Whenever a leading presidential candidate in the most influential country in the world adopts a theological virtue as the ethos of his campaign, thinking young Catholic bloggers ought to sit up and take notice.
I was running on a treadmill one morning in March listening to Curtis Martin’s keynote address from FOCUS National Conference on my mp3 player. As I usually run outside, and my roommates and I do not have a television in our apartment, the gym has become the only place aside from the cafeteria in Newman Hall at the University of Illinois that I am exposed to news on television. As I ran, I noticed one of the TVs tuned into a major news channel which was running a bit on the primary elections. The story was following Clinton and Obama through various swing states, and was highlighting clips from the campaign trail.
While I was listening to Curtis, my eyes were drawn to the words displayed by closed caption, especially when Barack Obama entered the scene. As I watched Obama gesticulate emphatically, I heard Curtis Martin saying through my headphones, “We live at an extraordinary moment in history. You were made for a purpose. Young people will change the culture.” These words from our founder have resonated in my heart as true for quite sometime, and have moved me to serve as a missionary for the last three years. But in a moment that can only be described as surreal, I saw the faces of the young people present at Barack Obama’s stump speech somewhere in middle America light up in a similar way as the words on the closed caption echoed Curtis’ almost verbatim.
While I have not been able to recover Obama’s exact words from that day, I offer these words from his “Audacity of Hope” as another example of something that might as well have come from the lips of our founder:
“Young people want a sense of purpose, a narrative arc to their lives, something that will relieve a chronic loneliness or lift them above the exhausting, relentless roll of daily life. They need an assurance that somebody out there cares about them, is listening to them - that they are not just destined to traveled own a long highway toward nothingness.”
Barack Obama has read the signs of the times.
He knows that we live in a culture that longs for Hope.
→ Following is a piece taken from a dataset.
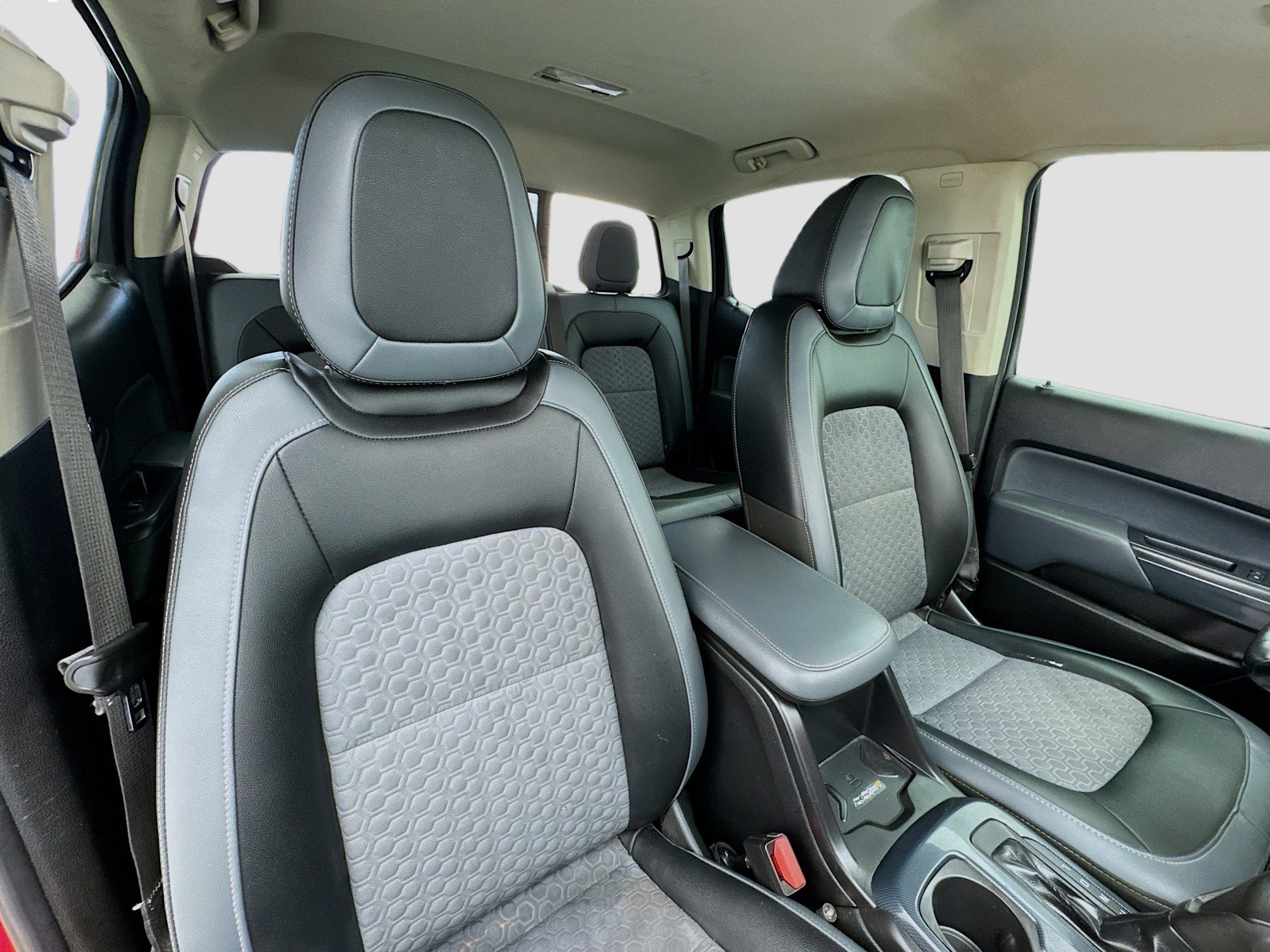 Used 2020 Chevrolet Colorado Z71 image 19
He is using the language of the New Evangelization.
Or is he?
In order to be better equipped to articulate the truth and beauty of the Catholic faith in a way that will resonate with the hearts of modern men and women, I will be a full-time graduate student next fall. This means that my days as a FOCUS blogger are numbered, and as a sort of last “hurrah,” I would like to take on one last project. If I were extremely pretentious (and boring) I would title this project “A philosophical, sociological, anthropological, and theological exploration of the concept of Hope in the thought of Barack Hussein Obama and Benedict XVI.” But since I am neither pretentious nor boring, but rather hip, very cool, and oh-so-witty (and because I am not afraid to steal uncopywrited ideas shamelessly from my brilliant friends [Amanda E. Graf, contributor]) we will call this little project “The Veracity of Hope.”
I hope you look forward to finding out what I have to say as much as I do!
2 responses so far ↓
1 Maureen Wray // May 9, 2008 at 8:18 pm
Thank you, Ms. Crane! I was delighted to see your words in this blog (I miss your insight)! I am glad I ran across this page as I was checking out the FOCUS website. I too have been intrigued by the hope Obama speaks of and therefore purchased the book The Audacity of Hope in order to understand his perspective in light of our Christian Hope that speaks of Truth. You put my questions/thoughts into words for me. I’d love to hear what else you have to say on the subject - what a worthwhile topic to be blogging about at this time!
2 Bill Heavey // Jul 13, 2008 at 11:06 pm
Don’t let the word hope throw you off the right trail in terms of Mister Obama. When one supports abortion, how much hope can he deliver?
The word hope and any connection to “the truth” are hard to link to politicians.
“Give to Cesar what is Cesar’s and to God what is God’s.” Jesus separated the two, as we should do so today.